I learned a lot about winning and losing in life by playing games like Parchessi as a kid. On long, muggy summer afternoons my friends and I played for hours on the front porch as the days turned into nights. Parchessi was a childhood rite of passage for me like learning to ride a bike.

When I come across old painted, wooden Parchessi game boards from the 19th century now, I realize kids aren’t all that different.

If these old game boards could talk what might they say about where they’ve been hiding all these years and what happened to the kids who played with them? Most of the colorful paint is long gone on these old relics of the play room but the energy of childhood and children seems to remain.

In archeological sites throughout India and Southeast Asia boards for a similar game to Parchessi called Pachisi have been unearthed. At one time Pachisi was the traditional game of India. Some 2000 years later, the game is as popular as ever.

The Indian word “pacis” means 25, the highest score possible when cowry shells are thrown. A related game, Chaupar, has also been dug up in Asia.

In India, Pachisi boards were typically made of fabric for easy storage.
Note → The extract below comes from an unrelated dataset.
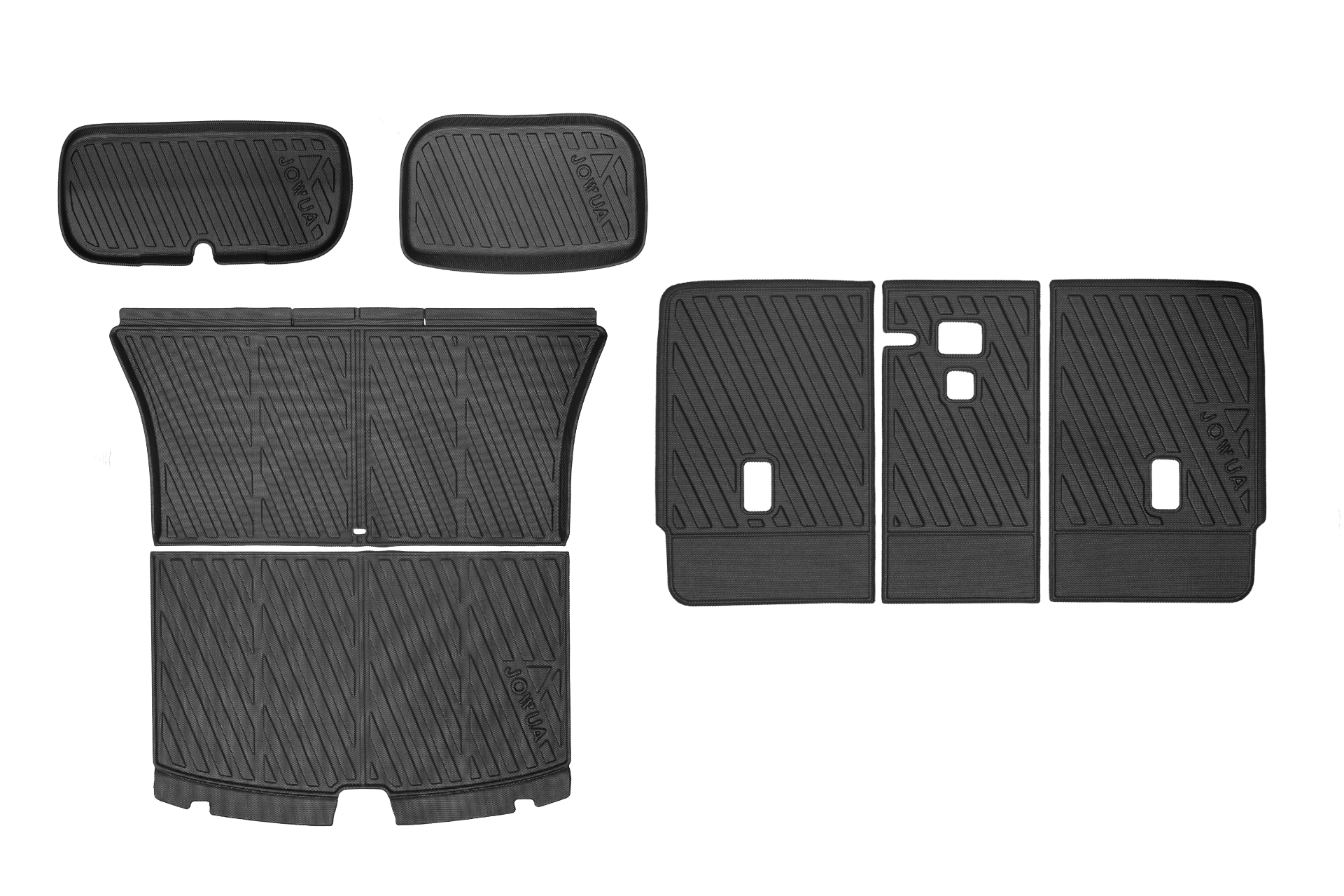 Five black rubber all-weather JOWUA car floor mats in various sizes are displayed on a white background, each with diagonal grooves and suited for Model Y Juniper (2025+), making them ideal interior upgrades for RHD vehicles.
In affluent families they might be velvet with gold threads. Six cowry shells were thrown to determine the moves in the game and counters consisted of beehive-shaped wooden pieces.

Like bread, variations of the game we call Parchessi appeared all over the world. Mayan ruins reveal a similar pastime and Native Americans still play a Cross and Circle race game.

Parcheesi as its known today was copyrighted in the United States by E.G. Selchow & Co., in 1869. A few years later it became Selchow & Righter then Hasbro Inc., and today it’s Milton Bradley.

The game looks pretty much the same as it did 50-years ago. The box changed a bit as public taste changed.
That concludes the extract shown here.